Los Angeles Mayor Tom Bradley's controversial decision to allow oil drilling in the Pacific Palisades, and rival John Ferraro's aggressive campaign start, have unexpectedly put Bradley on the defensive in the opening days of the mayoral race he is favored to win.
Surprisingly, Ferraro set the agenda in launching his campaign, forcing Bradley to reply to his charges. Among them was the politically potent accusation that the Los Angeles Police Department has declined in size during the mayor's 11 years in office.
Then, on Saturday, Bradley had to deal with what some backers consider a self-inflicted political wound. Going against the advice of some staff members and angering important political supporters, the mayor reversed his previous position and announced he had signed the ordinance authorizing drilling in the Palisades.
"I know there will be some who consider it politically unwise," Bradley said, as he made a strong defense of his decision at a press conference Saturday.
Defends Action "I have not always been right in my actions as a conscientious public servant, but I have always tried to be rigorously honest in my search for the truth and scrupulously fair in my decisions," Bradley said in a letter to the City Council released at the press conference. "My conscience dictates that I act no differently in this case."
Deputy Mayor Tom Houston, who advised Bradley against signing the ordinance, said in an interview: "I do not think it will be a popular decision. I think he knows it."
The immediate political effect will be in the affluent Palisades, a neighborhood on the cliffs overlooking Will Rogers State Beach that became nationally known when its most famous resident, Ronald Reagan, was elected President.
The Reagans, who have subsequently sold their home there, were among the many Republicans in the Palisades, which is the only significant GOP stronghold on Los Angeles' predominantly Democratic Westside.
Helped in 1973 Bradley's opposition to oil drilling helped him carry the Palisades during his first successful mayoral bid in 1973, and, as an opponent of Occidental Petroleum Corp.'s proposal, he also won in the area during his 1977 and 1981 reelection campaigns.

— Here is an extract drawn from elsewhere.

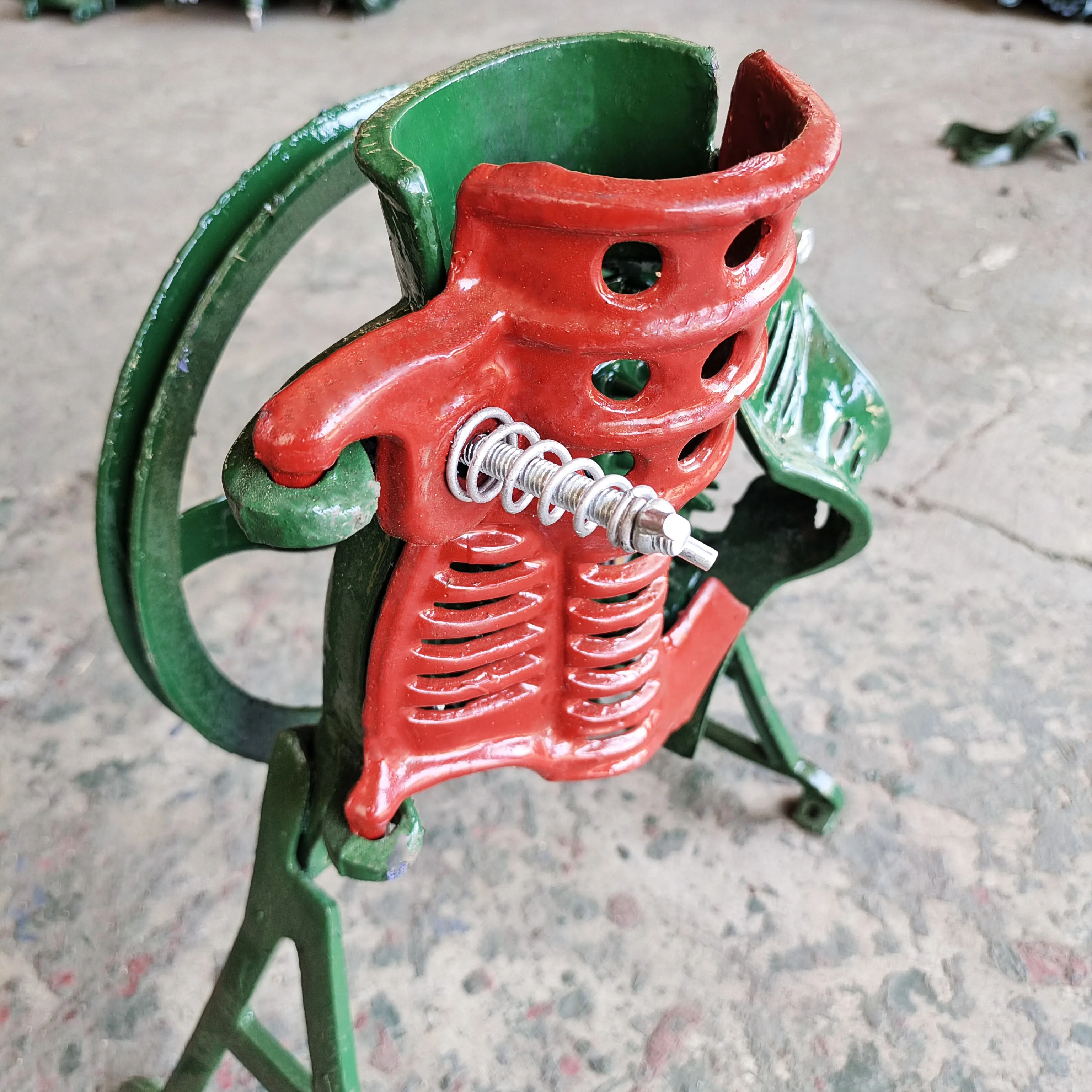 Corn Sheller Machine Manual Corn Sheller Grinder Machine Sheller For White Corn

The Palisades comprises about 15% of the 11th District, represented by Councilman Marvin Braude, a Democrat and Bradley backer. The entire district is a target area for the Ferraro campaign, and 1984 election results show why: It is more conservative than the rest of the city.
Oil drilling cannot help Ferraro, though it can hurt Bradley. Ferraro, after all, supported Occidental's application long before Bradley did.
Nor are there enough votes in the Palisades, or the entire 11th District, to win the election for Ferraro. But if he gains elsewhere, and Bradley slips in this area, the underdog Ferraro campaign will be helped.
Braude said Bradley's decision will cost him mayoral votes in the area this time around. "It has to hurt him," said Braude, who has fought drilling for years and was angered by the mayor's decision.
One Westside political leader, who declined to be named, said conservatives in the area who had voted for Bradley because he opposed drilling for oil in their backyards might now switch to the law-and-order Ferraro campaign.
According to this activist, such switches will not hurt the mayor, as long as he runs well ahead of Ferraro. But they could be significant in a close race.
Cindy Miscikowski, Braude's chief deputy, said she thought Bradley could also be hurt if members of anti-development, environmentally oriented homeowner groups in other parts of the Westside--many of whom have fought Palisades drilling--decide to stay at home or even oppose the mayor in April's voting.
The oil drilling decision could also have statewide implications if Bradley runs for governor in 1986, something he says he does not now plan to do.
For the last few months, Bradley has been attacking Republican Gov. George Deukmejian, who defeated him in 1982, on environmental issues, saying Deukmejian favors offshore oil drilling. One Bradley backer said that when news of the Palisades decision spreads through the closely knit California environmental community, "it will be a catastrophe" for the mayor. And, in the week Bradley was approving oil drilling, Deukmejian submitted a budget with more money for some environmental concerns, though he cut funds for the Coastal Commission, a body dear to environmentalists' hearts.
The way Ferraro set the early pace in the current mayoral campaign was a surprise.
In his 18 years on the City Council, Ferraro has built a reputation as an amiable politician who hates to offend anyone or take controversial stands. He usually has supported fellow Democrat Bradley. But friends say that Ferraro has never forgiven Bradley for what he considers the mayor's role in toppling him from a job he loved, City Council president.